Inspiration
As students, we've all felt the pressure of looming deadlines, especially the drudgery that comes after a hands-on science experiment: writing the lab report. The process is often tedious and repetitive and takes valuable time away from understanding the core scientific concepts. We spend hours on formatting, repetitive calculations, and background research. Our inspiration was to solve this common pain point for students everywhere by asking, "What if we could automate the entire report-writing process, turning hours of work into a task of just a few minutes?"
What it does
Interactive Lab Report Assistant is an AI-powered workflow that transforms a student's raw experimental data into a complete, polished, and scientifically accurate lab report. By providing a single, human-friendly prompt to Perplexity Comet, the user can instantly generate a full report that includes: A Scientific Introduction: Researches and explains the theory behind the experiment. A Detailed Procedure: Outlines the likely steps taken during the lab. Automated Data Processing: Performs all necessary calculations on the raw data. A Formatted Results Table: Presents the raw and calculated data in a clean, professional table. An Insightful Conclusion: Summarizes the findings and compares them to known scientific values. A Professional Error Analysis: Identifies common sources of experimental error. Essentially, it acts as a brilliant AI teaching assistant that handles all the heavy lifting of academic writing and data analysis.
How we built it
This project was built entirely on the power of Perplexity Comet and the principles of effective prompt engineering. There is no traditional code. The "building" process was a cycle of design, testing, and refinement: Workflow Design: We first mapped out the logical steps a student takes when writing a lab report, breaking it down into distinct sections. Prompt Crafting: We engineered a "master prompt" that serves as the project's engine. We focused on making it structured, clear, and—most importantly—human-friendly. We designed it as a simple "fill-in-the-blanks" template so that any student, regardless of technical skill, could use it. Iterative Testing: We ran multiple versions of the prompt with different data sets to ensure the output was consistently accurate, well-written, and followed the requested format. We refined the language to guide the AI to produce the best possible results every time. The final product is not an application but a robust and reusable workflow that leverages the full potential of Perplexity's agentic AI.
Challenges we ran into
Our main challenge was in the refinement of the prompt.

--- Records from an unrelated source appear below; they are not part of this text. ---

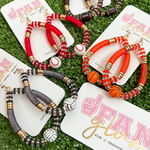 Show your love for the game when accessorizing your Game Day look with these uniquely beaded sports ball hoop dangle earrings!   The perfect accessory to help coordinate with your Gameday ensemble.  Available in four different sport options: Football, Basketball, Baseball and Volleyball you'll be glam in the stands for each of your player's favorite teams!  Collect all 4!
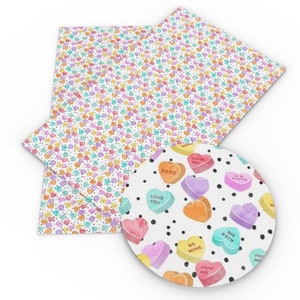 May include: White fabric with a repeating pattern of colorful candy hearts with different messages. The fabric is shown with a close-up of a single candy heart with the message "Love You" on it.
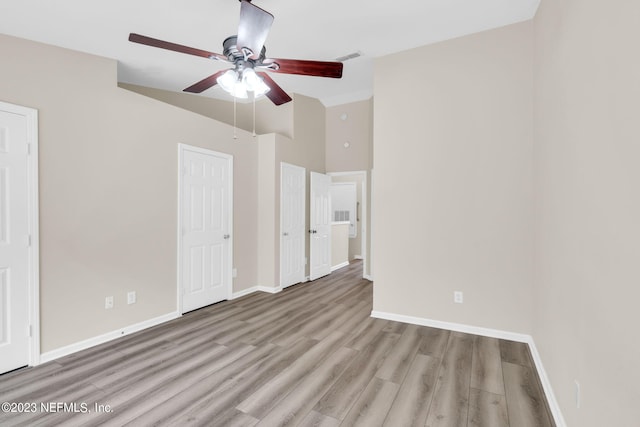 unfurnished bedroom featuring ceiling fan, light hardwood / wood-style flooring, and vaulted ceiling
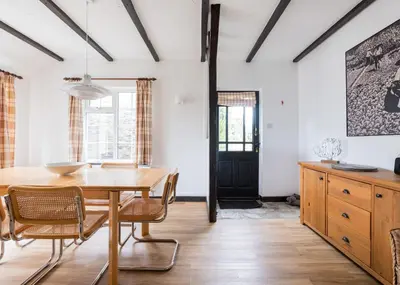 a dining room with a wooden table and chairs at Little Pityme in Wadebridge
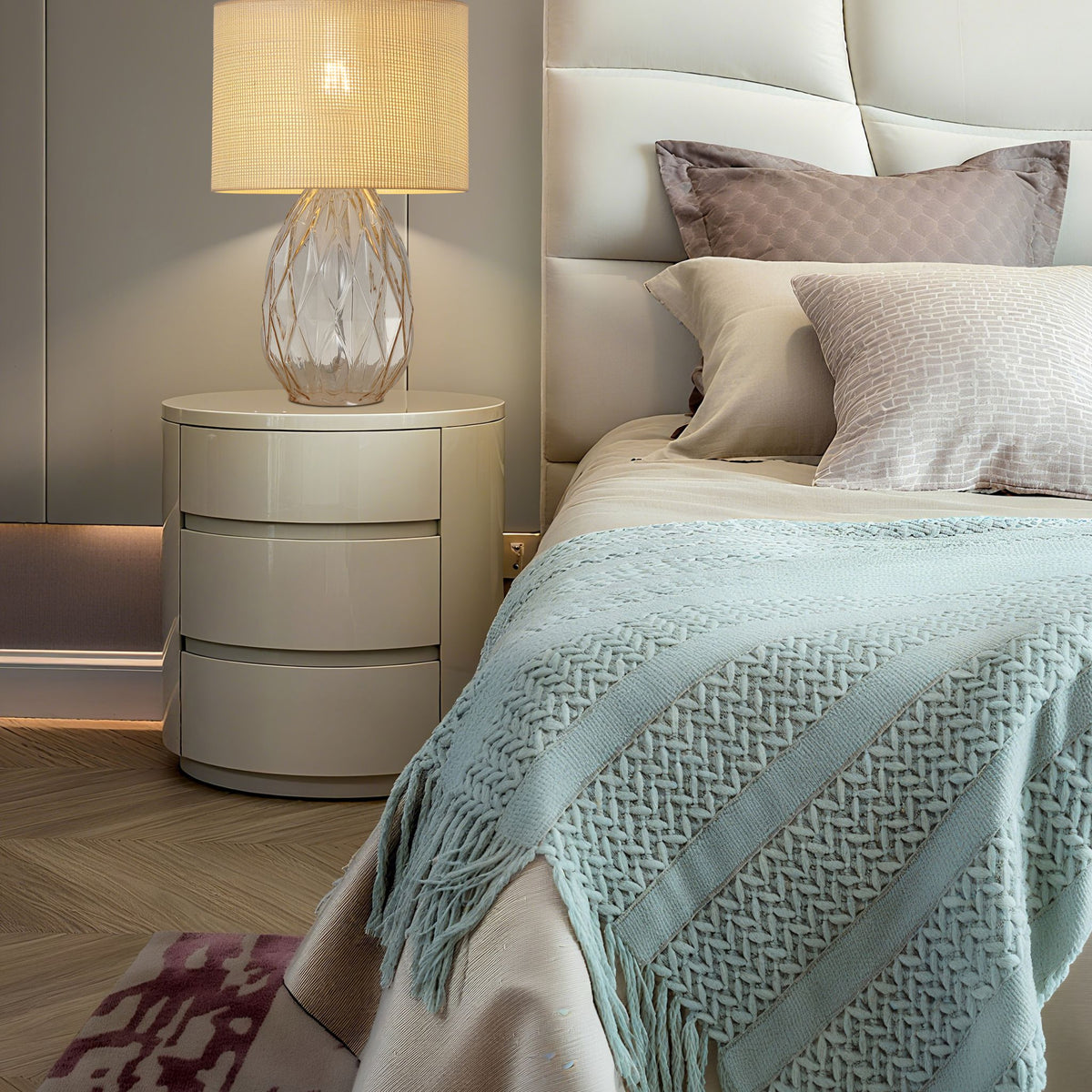 Diane rattan shaded lamp lit on a round bedside chest beside a cream bed with knitted throw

Early versions were too generic, sometimes leading to calculations that were not perfectly clear or conclusions that were too vague. We ran into the challenge of "prompt ambiguity." To overcome this, we learned to be extremely specific in our instructions within the prompt. We added explicit commands to "show the results in a formatted table" and "compare the final value to the known scientific value," which gave the AI the precise guardrails it needed to produce a consistently high-quality report. The second challenge was making the prompt feel natural and easy to use, which we solved by adopting the friendly "fill-in-the-blanks" template.
Accomplishments that we're proud of
We are incredibly proud of three key accomplishments: The "Wow" Factor of Speed: We successfully created a workflow that demonstrably reduces a multi-hour task into a process of less than two minutes. This has a massive real-world impact on student productivity and well-being. Accuracy and Reliability: The workflow doesn't just write text; it correctly performs mathematical calculations and provides scientifically sound explanations. We are proud of how reliable and accurate the final output is. True Accessibility: We are most proud of the fact that our final prompt is so simple that anyone can use it. We've created a powerful tool that requires absolutely no technical skill, democratizing the power of AI automation for all students.
What we learned
This project was a profound lesson in the power of modern AI and low-code development. We learned that you don't need to be a programmer to build incredibly useful and impactful tools. Our biggest takeaway is the importance of prompt engineering as a design skill. The quality of our output was directly proportional to the clarity, structure, and thoughtfulness of our input. We also learned how capable Perplexity Comet is as an "agent" that can execute complex, multi-step tasks, far beyond a simple search engine.
What's next for Interactive Lab Report Assistant
The potential for this workflow is vast. The immediate next steps would be: Expanding to More Subjects: Creating a library of prompt templates for different types of experiments, such as chemistry titrations, biology data analysis, and even statistical reports for social sciences. Incorporating Data Visualization: Enhancing the prompt to instruct the AI to generate simple graphs or charts based on the results table, adding another layer of professional analysis. Creating a Simple Front-End: While the core is the prompt, a simple web page could be built where students can fill in a form, and it automatically generates the completed prompt for them to copy, making it even more user-friendly.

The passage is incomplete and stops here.